[Scraped caption text data]
+ + + +
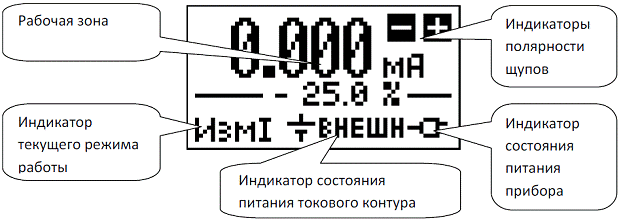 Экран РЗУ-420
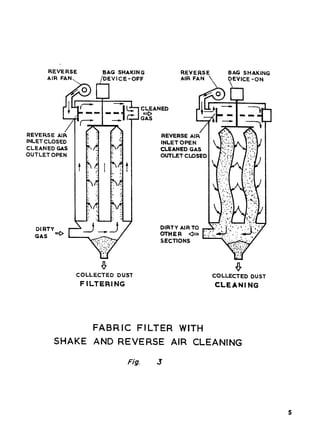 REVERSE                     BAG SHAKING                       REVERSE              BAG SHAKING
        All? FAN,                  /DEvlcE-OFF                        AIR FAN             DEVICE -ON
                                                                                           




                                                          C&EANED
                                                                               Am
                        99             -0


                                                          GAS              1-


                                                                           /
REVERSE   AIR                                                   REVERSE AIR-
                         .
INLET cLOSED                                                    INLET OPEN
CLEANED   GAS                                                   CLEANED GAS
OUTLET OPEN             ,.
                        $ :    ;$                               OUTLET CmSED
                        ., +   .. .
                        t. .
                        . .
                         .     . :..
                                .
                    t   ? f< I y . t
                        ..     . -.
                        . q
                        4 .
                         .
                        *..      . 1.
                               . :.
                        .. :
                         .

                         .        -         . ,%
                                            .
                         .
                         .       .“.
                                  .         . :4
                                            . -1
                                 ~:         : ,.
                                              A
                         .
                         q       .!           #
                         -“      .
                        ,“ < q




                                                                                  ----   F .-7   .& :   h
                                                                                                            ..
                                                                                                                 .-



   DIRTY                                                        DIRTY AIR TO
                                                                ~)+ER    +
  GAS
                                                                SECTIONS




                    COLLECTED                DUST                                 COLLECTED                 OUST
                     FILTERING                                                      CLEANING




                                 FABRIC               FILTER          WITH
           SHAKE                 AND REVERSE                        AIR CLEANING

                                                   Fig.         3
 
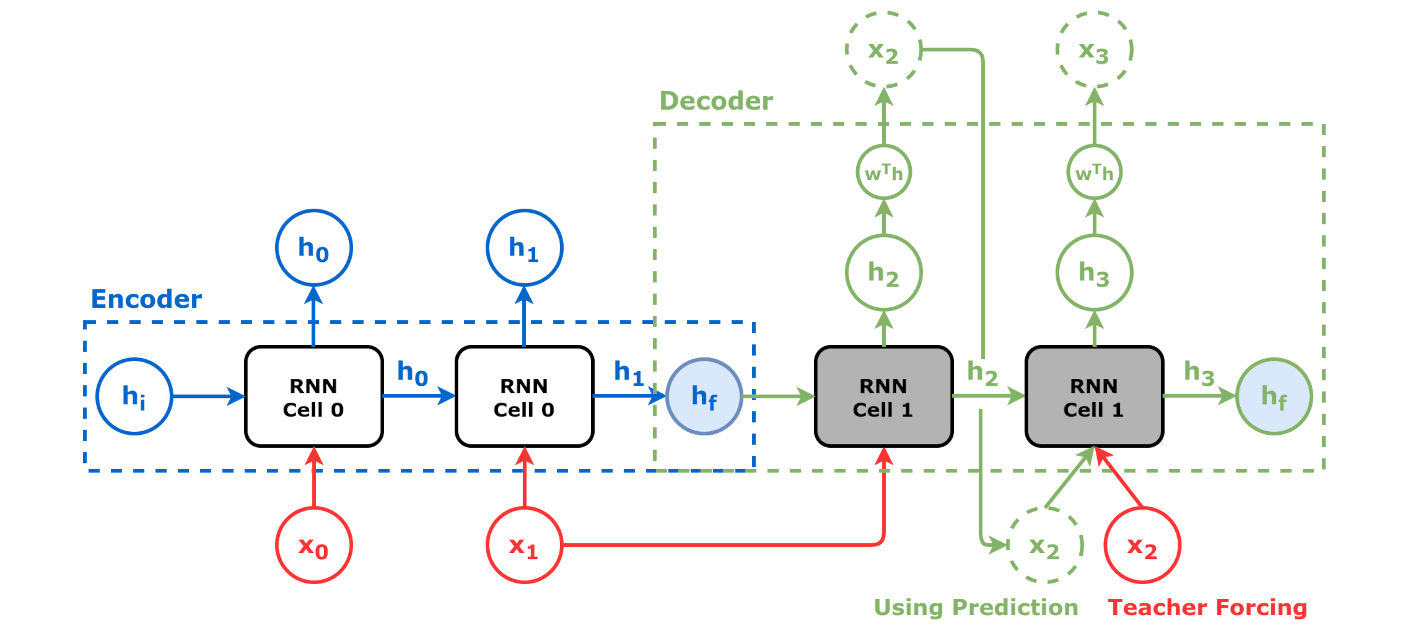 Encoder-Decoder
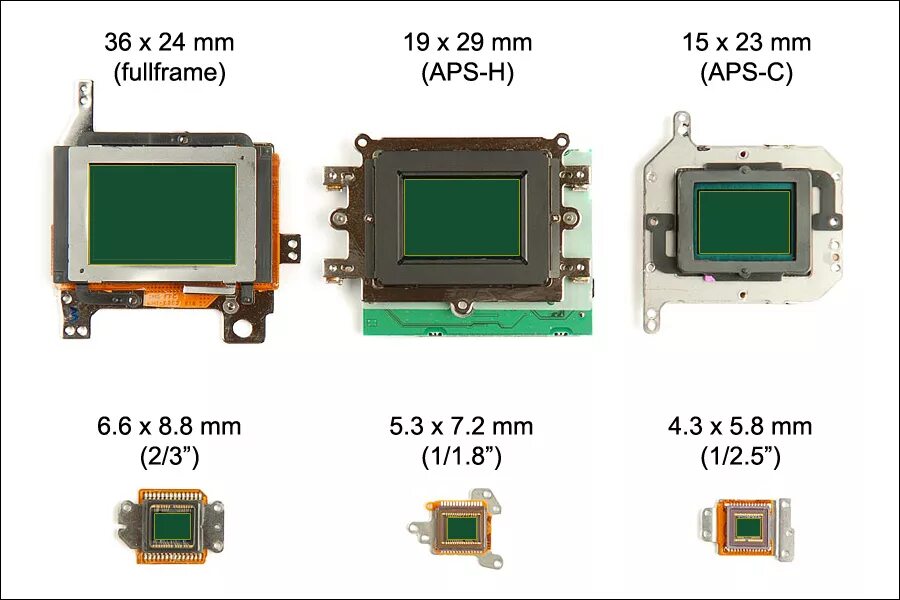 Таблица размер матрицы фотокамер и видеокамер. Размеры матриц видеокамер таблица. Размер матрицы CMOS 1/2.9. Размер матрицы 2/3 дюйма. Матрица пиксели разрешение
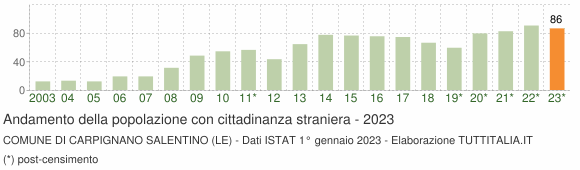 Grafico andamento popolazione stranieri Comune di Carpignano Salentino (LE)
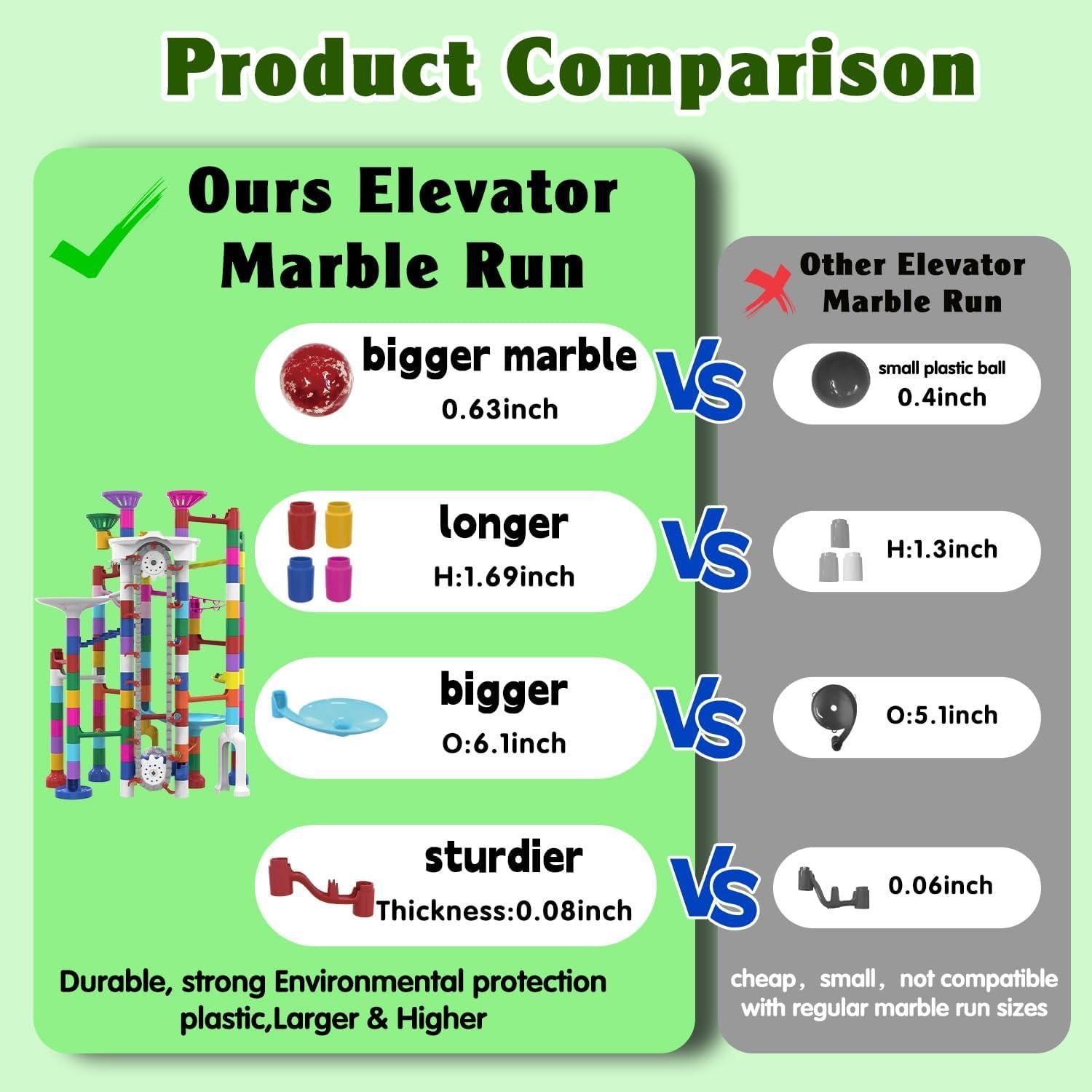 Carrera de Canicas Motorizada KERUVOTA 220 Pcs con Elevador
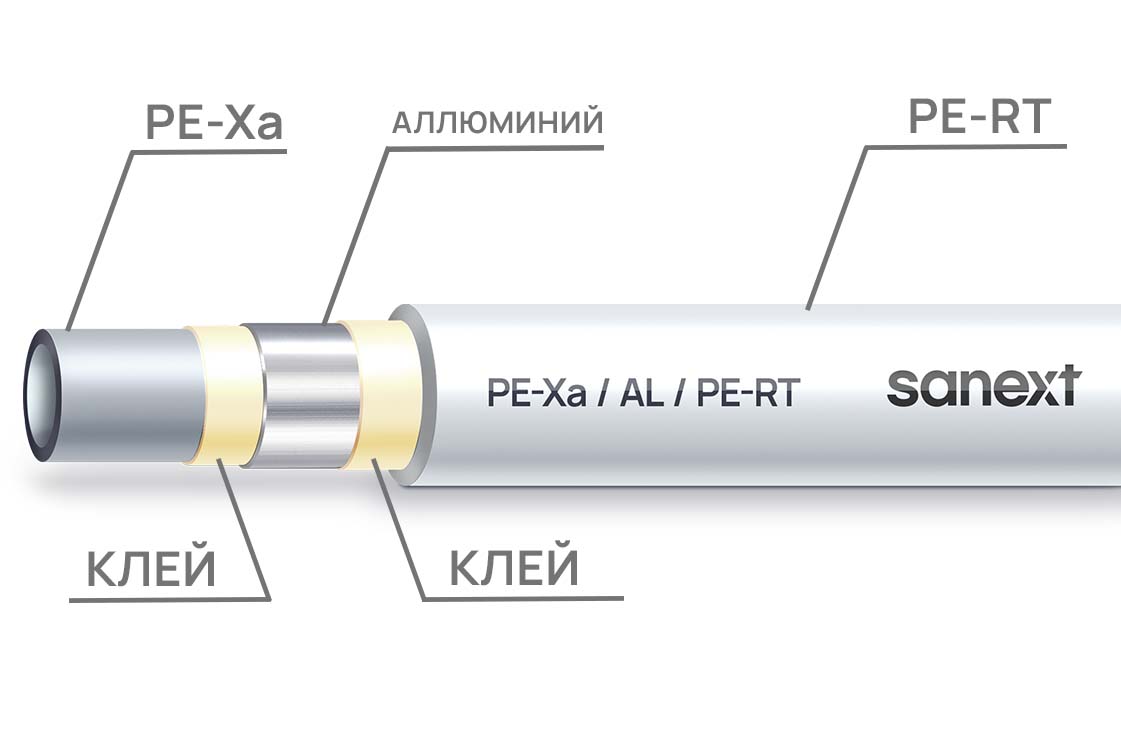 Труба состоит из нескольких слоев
+ + + +
#### What is being asked
The copy you produce must repeat all the entries exactly and contain no pictures.

#### Your response
 Экран РЗУ-420
 REVERSE                     BAG SHAKING                       REVERSE              BAG SHAKING
        All? FAN,                  /DEvlcE-OFF                        AIR FAN             DEVICE -ON
                                                                                           




                                                          C&EANED
                                                                               Am
                        99             -0


                                                          GAS              1-


                                                                           /
REVERSE   AIR                                                   REVERSE AIR-
                         .
INLET cLOSED                                                    INLET OPEN
CLEANED   GAS                                                   CLEANED GAS
OUTLET OPEN             ,.
                        $ :    ;$                               OUTLET CmSED
                        ., +   .. .
                        t. .
                        . .
                         .     . :..
                                .
                    t   ? f< I y . t
                        ..     . -.
                        . q
                        4 .
                         .
                        *..      . 1.
                               . :.
                        .. :
                         .

                         .        -         . ,%
                                            .
                         .
                         .       .“.
                                  .         . :4
                                            . -1
                                 ~:         : ,.
                                              A
                         .
                         q       .!           #
                         -“      .
                        ,“ < q




                                                                                  ----   F .-7   .& :   h
                                                                                                            ..
                                                                                                                 .-



   DIRTY                                                        DIRTY AIR TO
                                                                ~)+ER    +
  GAS
                                                                SECTIONS




                    COLLECTED                DUST                                 COLLECTED                 OUST
                     FILTERING                                                      CLEANING




                                 FABRIC               FILTER          WITH
           SHAKE                 AND REVERSE                        AIR CLEANING

                                                   Fig.         3
 
 Encoder-Decoder
 Таблица размер матрицы фотокамер и видеокамер. Размеры матриц видеокамер таблица. Размер матрицы CMOS 1/2.9. Размер матрицы 2/3 дюйма. Матрица пиксели разрешение
 Grafico andamento popolazione stranieri Comune di Carpignano Salentino (LE)
 Carrera de Canicas Motorizada KERUVOTA 220 Pcs con Elevador
 Труба состоит из нескольких слоев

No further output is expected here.